WORK REQUEST ::
Without the pictures, set down exactly the lines from the one that contains "Lifestyle modelo - Ref 1487" to the end of the entries, both included, and nothing besides.

[Records from a data collection]
******

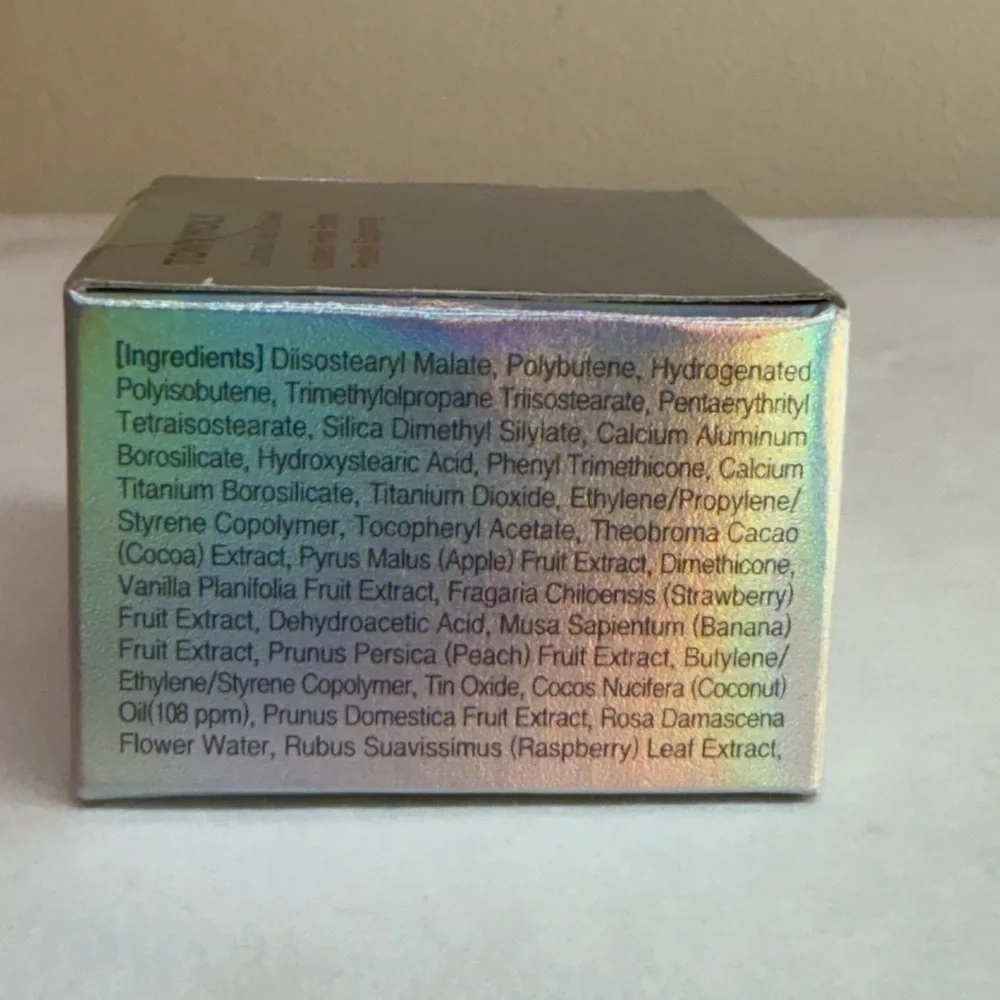 NWT JELLY Lip Melt - Picture 5 of 7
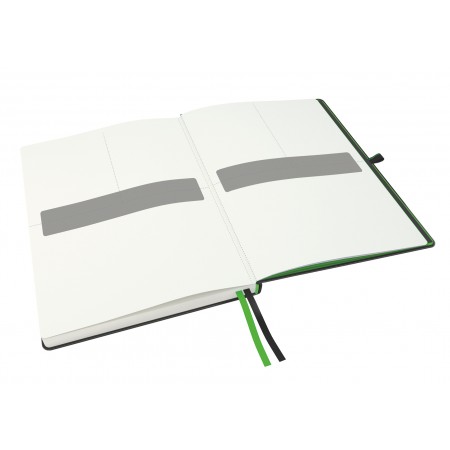 Caiet birou a4 aritmetica negru complete leitz Caiet birou a4 aritmetica negru complete leitz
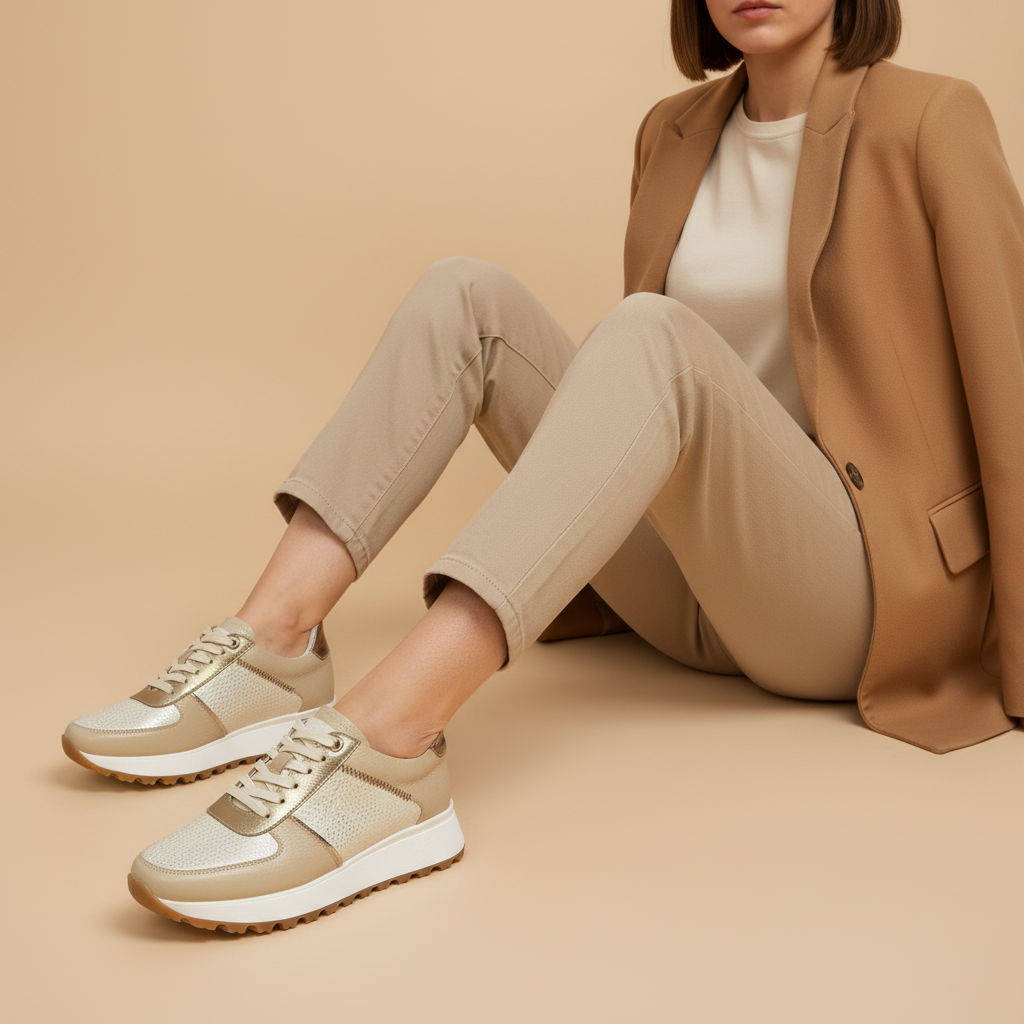 Lifestyle modelo - Ref 1487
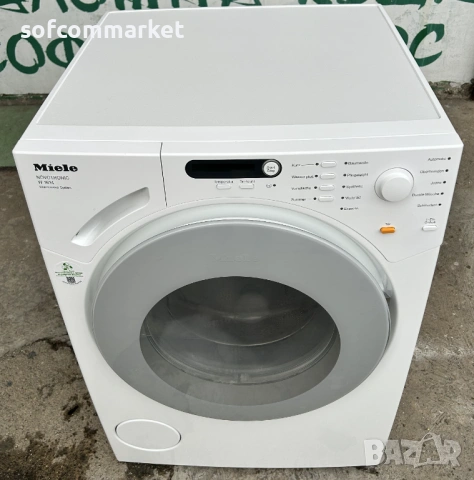 Пералня Miele W1614 |6 kg | A++ | 1400 оборота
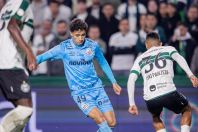 Coritiba deixa de faturar prêmio milionário com eliminação na Copa do Brasil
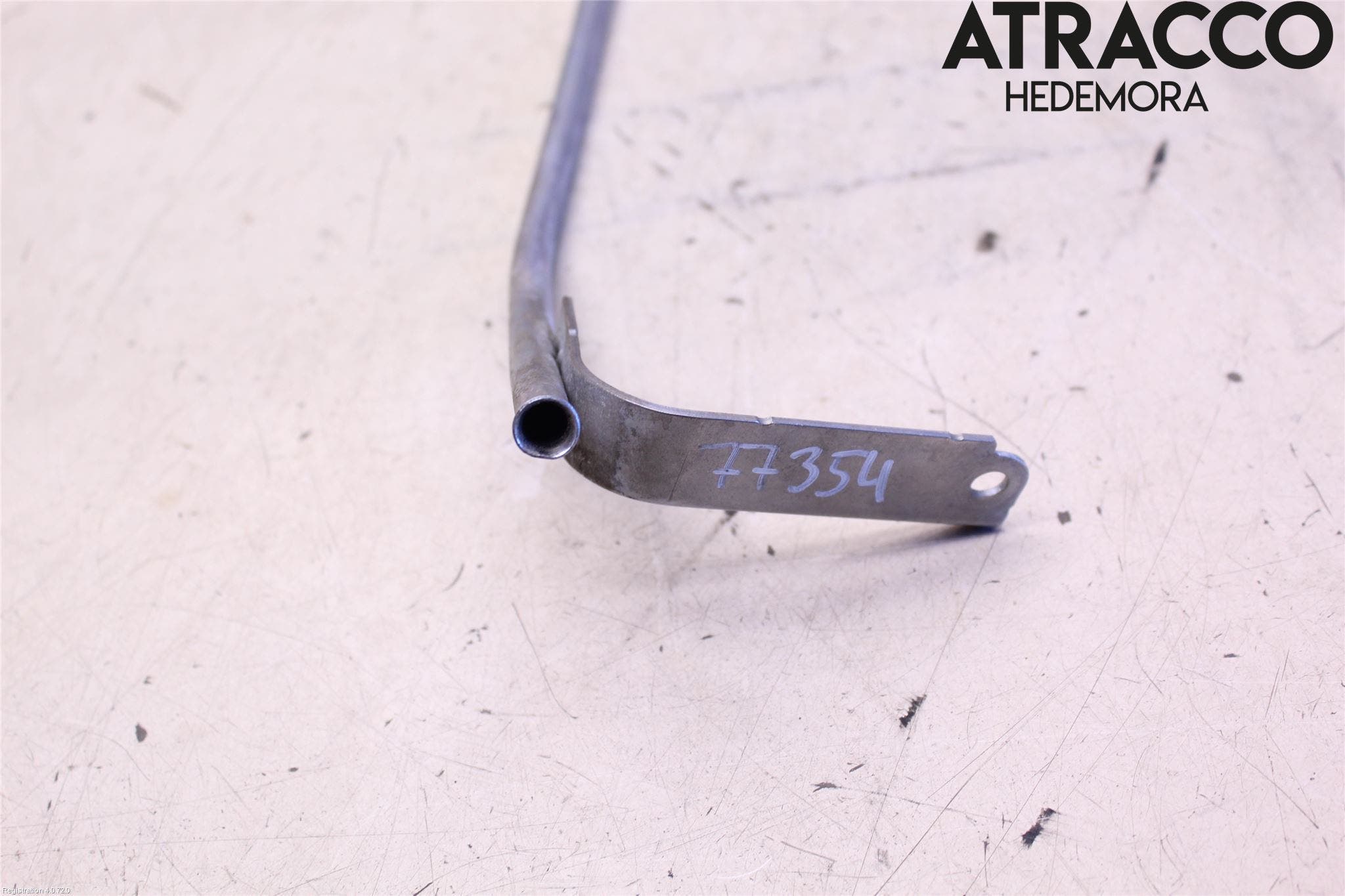 Toyota YARIS XP130 15-20 Oljesticka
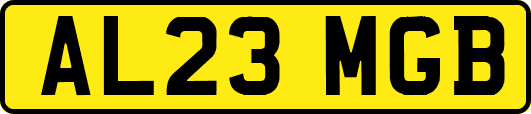 AL23MGB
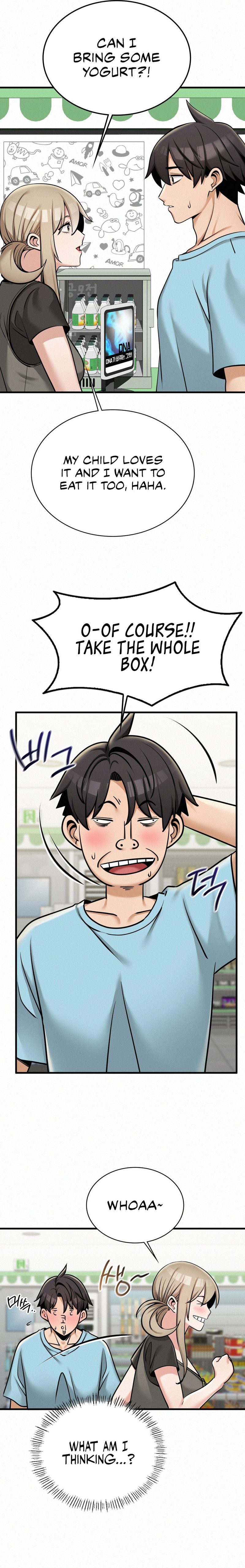 Landlord - Chapter 36 [photo 11] - MangaPorn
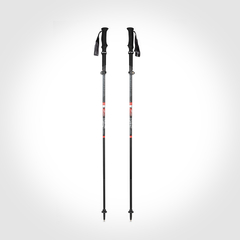 BASTONES Z-COMPACT VARIO COMPOSITE X2 CARBON LITE / PAR / ULTRA 100K + SERIES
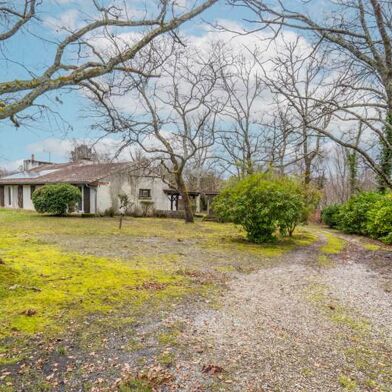 Maison 6 pièces 369900 €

******

RESPONSE AREA ::
 Lifestyle modelo - Ref 1487
 Пералня Miele W1614 |6 kg | A++ | 1400 оборота
 Coritiba deixa de faturar prêmio milionário com eliminação na Copa do Brasil
 Toyota YARIS XP130 15-20 Oljesticka
 AL23MGB
 Landlord - Chapter 36 [photo 11] - MangaPorn
 BASTONES Z-COMPACT VARIO COMPOSITE X2 CARBON LITE / PAR / ULTRA 100K + SERIES
 Maison 6 pièces 369900 €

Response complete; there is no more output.